The documentation also says once it is turned to disable we cannot turn back again:

kexec_load_disable
===================

A toggle indicating if the syscalls ``kexec_load`` and
``kexec_file_load`` have been disabled.
This value defaults to 0 (false: ``kexec_*load`` enabled), but can be
set to 1 (true: ``kexec_*load`` disabled).
Once true, kexec can no longer be used, and the toggle cannot be set
back to false.
......
  
Baoquan He Jan. 31, 2024, 3:23 p.m. UTC | #10
On 01/31/24 at 01:07pm, Huang, Kai wrote:
> > > Runtime disabling kexec looks better than at cmpile time, esp for
> > > distros. While from above patch, making using of kexec_load_disabled
> > > to achive the runtime disabling may not be so good.
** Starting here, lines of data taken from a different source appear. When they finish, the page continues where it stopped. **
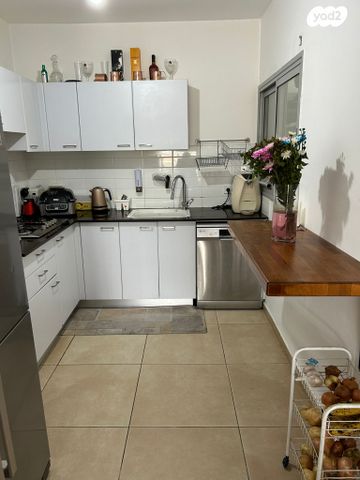 דירה, מילכה וולפסון 3, בר לב, מזכרת בתיה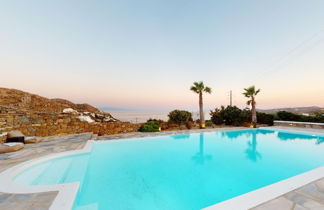 Photo 1 - Villa Marinalio by Whitelist Mykonos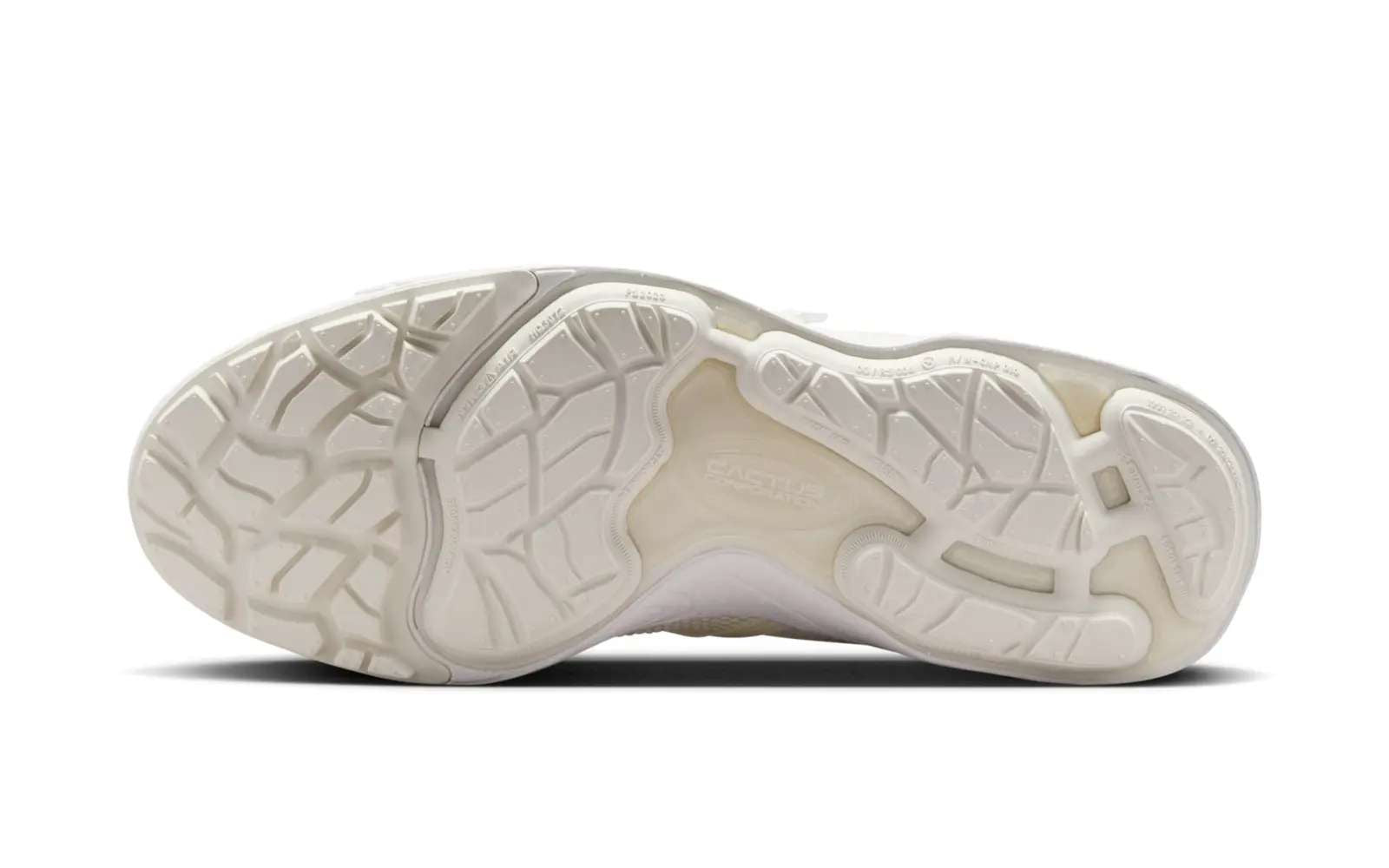 NIKE Zoom Field Jaxx SP (Travis Scott x Nike Sharkidon “Sail”)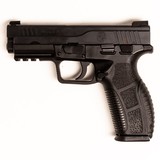 TISAS ZIGANA PX9 - 1 of 4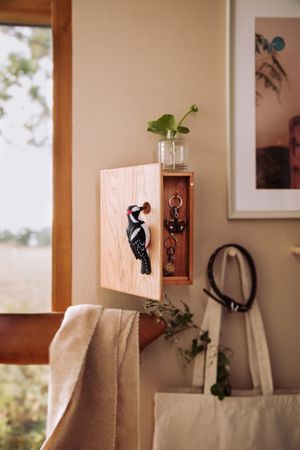 Joyful Designs Inspired by NAture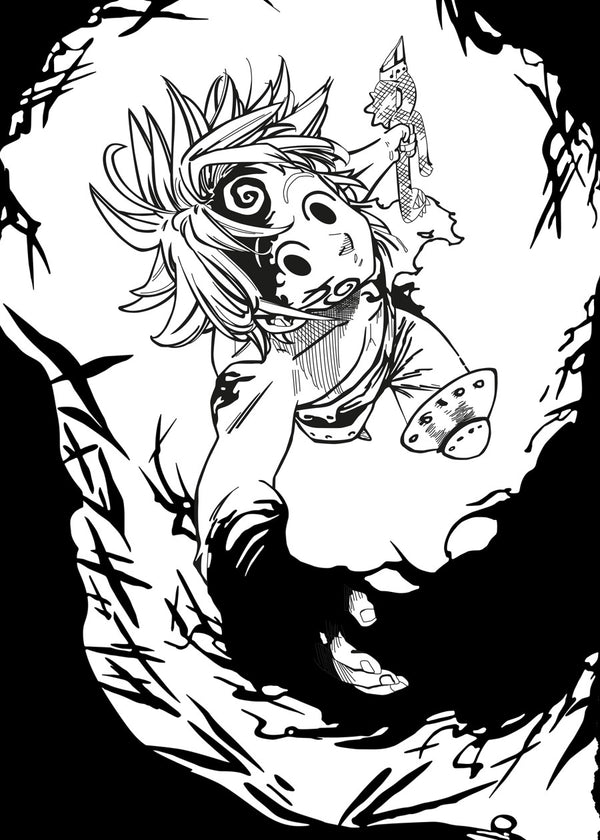 Wrath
Because we have a
> > > front door to enable it through:
> > >
> > > /proc/sys/kernel/kexec_load_disabled
> > 
> > AFAIU it can't be enabled via this sysctl because the handler for it expects
> > only 1 to be written to it:
> > 
> >       2                 .proc_handler   = proc_dointvec_minmax,
> > 
> >       1                 .extra1         = SYSCTL_ONE,
> > 
> >    994                  .extra2         = SYSCTL_ONE,
> > 
> 
> This is also my understanding.  
> 
> The documentation also says once it is turned to disable we cannot turn back again:
> 
> kexec_load_disable
> ===================
> 
> A toggle indicating if the syscalls ``kexec_load`` and
> ``kexec_file_load`` have been disabled.
> This value defaults to 0 (false: ``kexec_*load`` enabled), but can be
> set to 1 (true: ``kexec_*load`` disabled).
> Once true, kexec can no longer be used, and the toggle cannot be set
> back to false.

you are quite right, I have never noticed this, thanks.

Then then mentioned patch looks good to me.